7 作戦②候補者の数を増やす……前に新たな候補者、現る
王城に行った二日後、オペラとホワイトは温室で再び作戦会議という名の小さなお茶会を開いていた。
「では、お姉様ご自身で新しい候補者の方をお探しになるとおっしゃるの?」
「えぇ。表立って動けばお兄様に邪魔をされるでしょうから、こっそりとだけれど」
紙に書いた「王太子妃」という文字の横に「複数」とオペラが書き加える。それをいつものようにぴたりと身を寄せていたホワイトが覗き込んだ。
オペラの脳裏には「対象者が多いと、ほら、万が一ってことがあるかもしれないし」と語る自称神の顔が浮かんでいた。二人以外の候補者が現れても“ぷろぐらむ”は動き続けると話していたが、正常に動くか神もわからないような口振りだった。
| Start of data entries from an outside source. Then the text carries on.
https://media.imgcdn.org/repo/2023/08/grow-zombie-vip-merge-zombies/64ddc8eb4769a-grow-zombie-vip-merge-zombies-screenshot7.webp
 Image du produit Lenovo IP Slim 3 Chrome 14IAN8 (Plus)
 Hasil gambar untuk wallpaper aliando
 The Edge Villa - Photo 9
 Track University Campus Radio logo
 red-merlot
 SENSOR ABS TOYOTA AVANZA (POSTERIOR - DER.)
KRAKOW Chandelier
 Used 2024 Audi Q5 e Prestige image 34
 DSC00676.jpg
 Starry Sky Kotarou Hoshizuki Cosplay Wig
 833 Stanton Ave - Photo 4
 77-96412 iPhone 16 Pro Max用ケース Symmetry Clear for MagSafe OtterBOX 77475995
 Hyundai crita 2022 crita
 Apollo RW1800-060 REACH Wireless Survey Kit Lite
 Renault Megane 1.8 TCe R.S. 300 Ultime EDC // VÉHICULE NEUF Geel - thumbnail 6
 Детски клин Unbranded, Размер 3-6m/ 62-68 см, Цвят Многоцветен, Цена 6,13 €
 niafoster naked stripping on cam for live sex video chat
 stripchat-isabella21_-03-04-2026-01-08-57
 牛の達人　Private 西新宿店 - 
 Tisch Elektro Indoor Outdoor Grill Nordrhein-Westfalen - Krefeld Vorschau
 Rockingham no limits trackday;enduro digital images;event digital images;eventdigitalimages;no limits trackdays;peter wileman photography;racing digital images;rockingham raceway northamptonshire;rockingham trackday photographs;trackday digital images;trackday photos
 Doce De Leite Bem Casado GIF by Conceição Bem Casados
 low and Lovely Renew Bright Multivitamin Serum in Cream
(もしかして悪役令嬢は一人しか生み出せないのではないかしら)
候補者が十人あまりいた一年前ではなく、オペラとホワイトの二人になった段階で“ぷろぐらむ”を“いんすとーる”したのはそのせいではないだろうか。だから王太子妃候補が複数に増えても「最終的に二人が残り」と神は口にしたのだ。
(候補者を二人にしなくては「王太子妃候補」と「悪役令嬢」に分けられないのだとしたら……)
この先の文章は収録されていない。